Антон придвинулся к Лешкиному отцу, рассудительно заговорил:
— Одного нельзя отправлять. Тяжело ему будет без присмотра и помощи. А кому другому за ним присматривать, если не мне?
— М-да-а, — неопределенно протянул Иван Петрович. — С одной стороны, все так, с другой… Мы тут посадим, там снимут. Выходит, можно обойтись без сопровождающего.
— Не то, нет, — отрицательно качнул головой Мартын Семенович. — С женой ему помириться надо, пока начисто все не расклеилось.
— Да-да, с женой… — Антон вздохнул. — Камень на сердце давит. Свижусь с ней, покаюсь — и сразу же сюда. Другой дороги у меня нет: полюбил, прикипел душой к нашему коллективу…
Во время этого разговора Лешка стоял у распахнутых дверей зимовья. При последних словах Антона брезгливо дернул губы, пошел к лабазу. Под ним двое парней складывали в рюкзаки продукты. Рюкзаков Лешка насчитал пять. Значит, для отца, для него, для Антона и этих парней. Но Антон, видать, улизнет. Отпустит его отец: не может он не отпустить, если сам Мартын Семенович того хочет. А в самолете еще одно место останется свободным.
— Ленька! — Отец вышел из зимовья. — Ты бы письмо матери написал. — Он остановился рядом, положил руку на Лешкино плечо. — Ты чего такой?
— Так, ничего… — Лешка смотрел вниз, сколупывал с подола рубахи кусочки коры.
— А все-таки? — Отец слегка сжал плечо.
— Хочу… домой, — через силу выдавил Лешка.
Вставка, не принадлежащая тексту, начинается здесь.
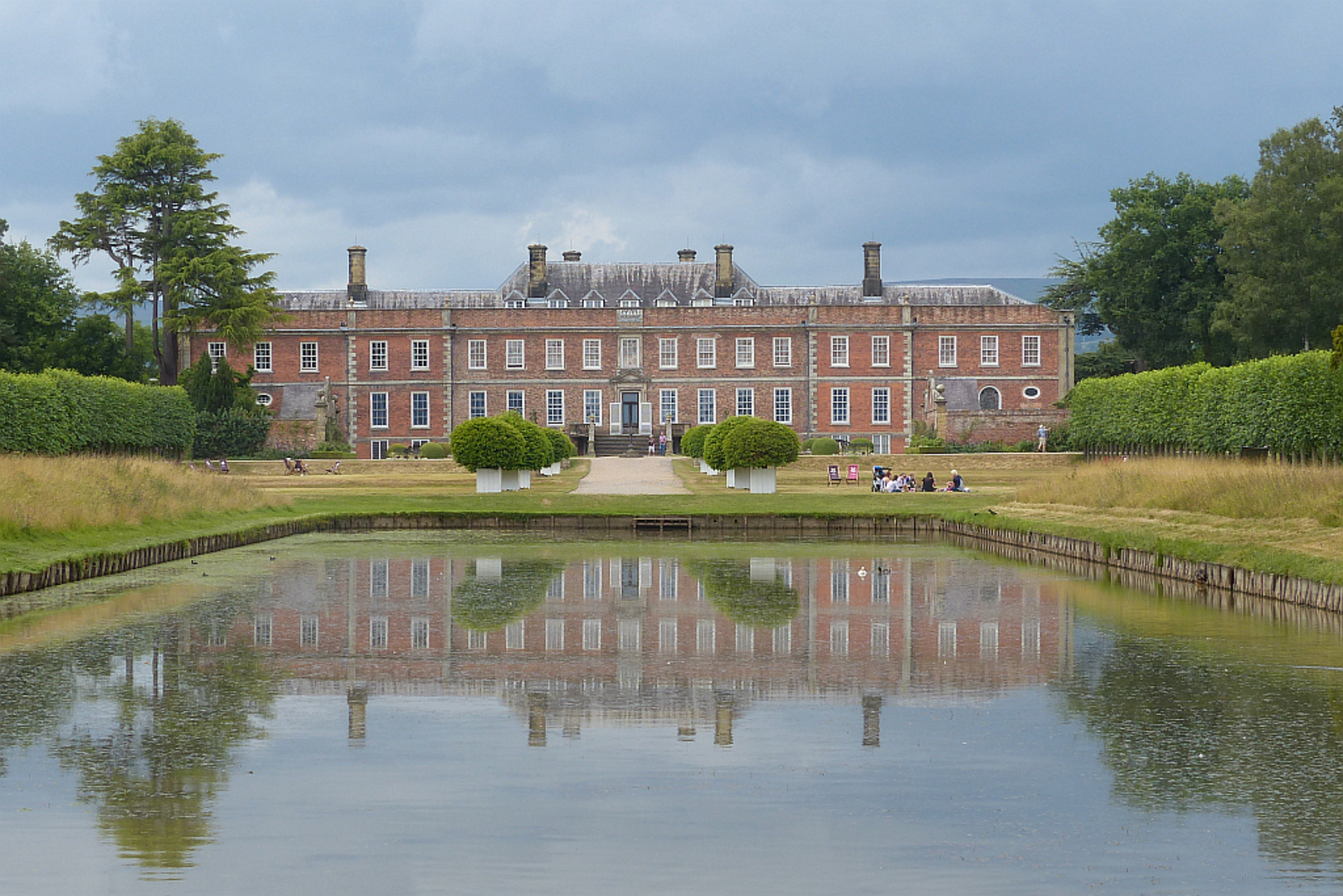An image depicting the trail Erddig Hall and Country Park Loop and its surrounding area.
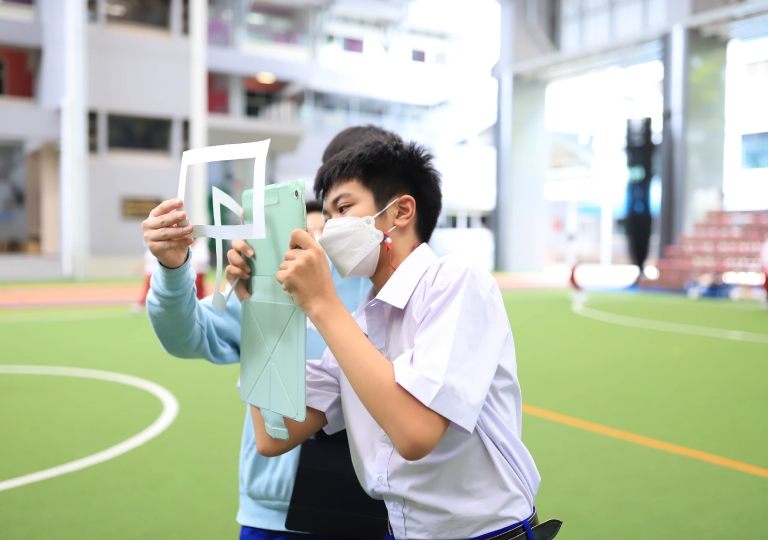 Secondary 1 ICT class had an interesting activity this week. Mr. Thossaphol Nakhura, Head of ETC, designed the activity so that students will learn to apply through a workshop the basic theory of photography, 22 June 2022.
— Вот тебе раз! Это почему же так?
— Мне… у меня… — замялся Лешка. — С математикой слабо. Заниматься надо. — У него огнем вспыхнули уши. Не умеет он врать, как Антон, не получается. От злости и стыда он стал решительнее, торопливо добавил: — Нет, не с математикой…
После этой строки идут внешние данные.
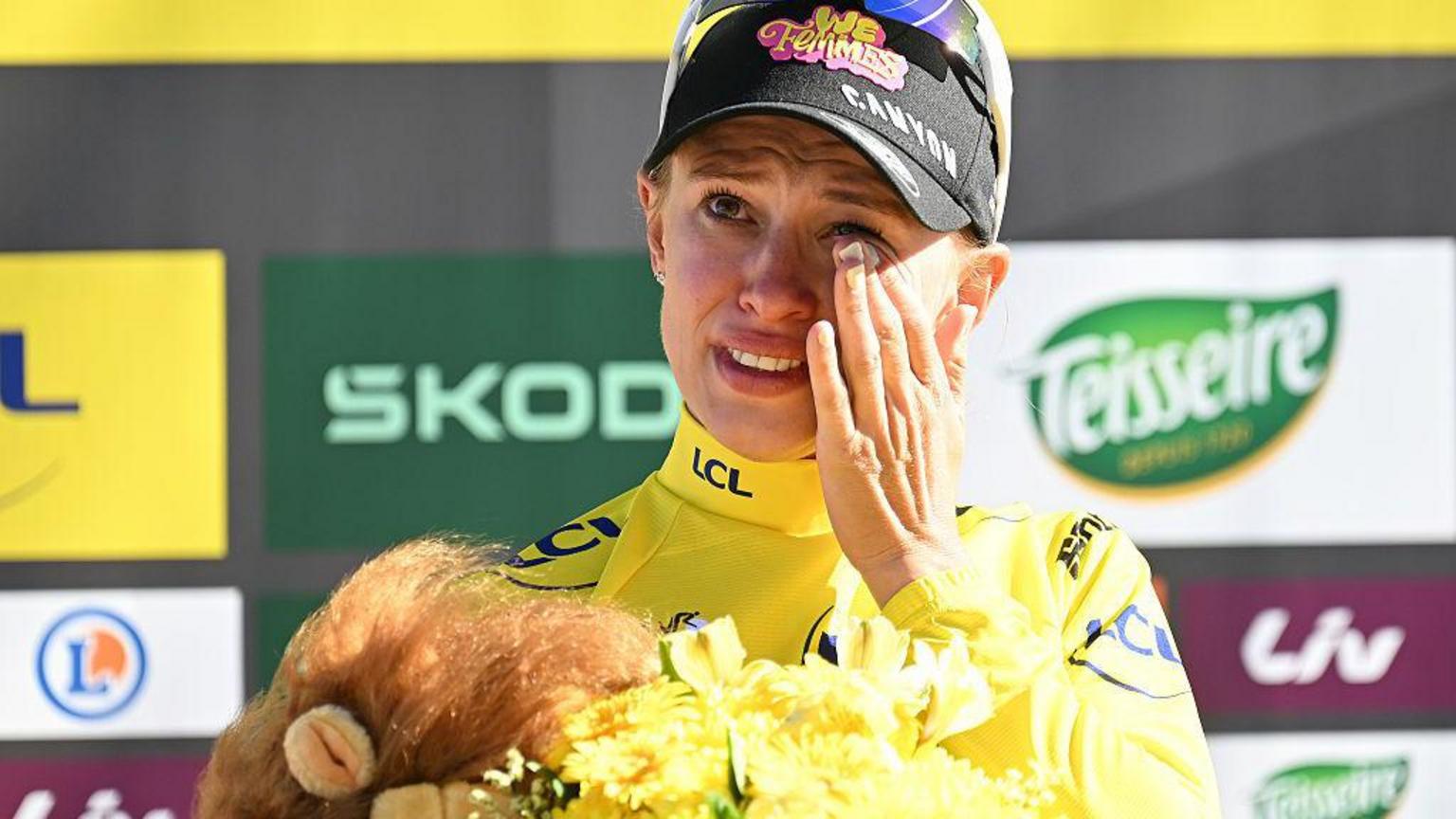 Niewiadoma-Phinney wins on Ventoux to take Tour lead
— С химией… — усмехаясь, подсказал отец.
— Нет, не хочу тут жить. Не люблю, ненавижу тайгу.
— Даже ненавидишь? — Отец убрал с плеча руку. — Не успел разглядеть, а уже ненавидишь. Как же это? Эх, Ленька, Ленька… Я думал, ты у меня орел, а ты — сорока. Стрекотал, стрекотал, но дошло до дела — к маменьке потянуло. Что же это получается? Разъясни.
— Не знал, что тут… в книжках написано…
— Ага, книжечки обманули. Не то говоришь. Ленька. К нянькам привык. В школе — учителя, в лагере — воспитатели, дома — мать. А тут полное самообслуживание: ни нянек, ни мамок. Лучше бы ты лень свою, свое безволье ненавидел.
— Но…
— Помалкивай! — Отец хмуро смотрел на Лешку. — Не по вкусу тебе наше дело — ладно. Не это меня в первую голову беспокоит. Жизнь, как я понимаю, сплошные переходы через горы. Не научишься ходить, на пустяковый холмик не подымешься. Огорчил ты меня, сынок, огорчил…
Он отошел к ребятам, сказал:
— Собирайте три рюкзака, — и, слегка сутуля плечи, вернулся в зимовье.
Суровые слова отца смутили Лешку. Он растерялся и не знал, что ему делать. Может быть, остаться, промучиться до осени?
— Иди-ка сюда. — Антон поманил его за угол зимовья, зашептал: — Ты на уговоры не сдавайся. Он тебе наговорит.
— Не знаю как… — уныло проговорил Лешка.
— Останешься — дураком будешь, попомни мои слова.
Самолет прилетел под вечер. Сделав круг над поляной, он сел за ручейком. Из него вышел летчик в темно-синем форменном костюме. У летчика было скуластое, монгольского типа лицо, узкие, как бы прищуренные глаза.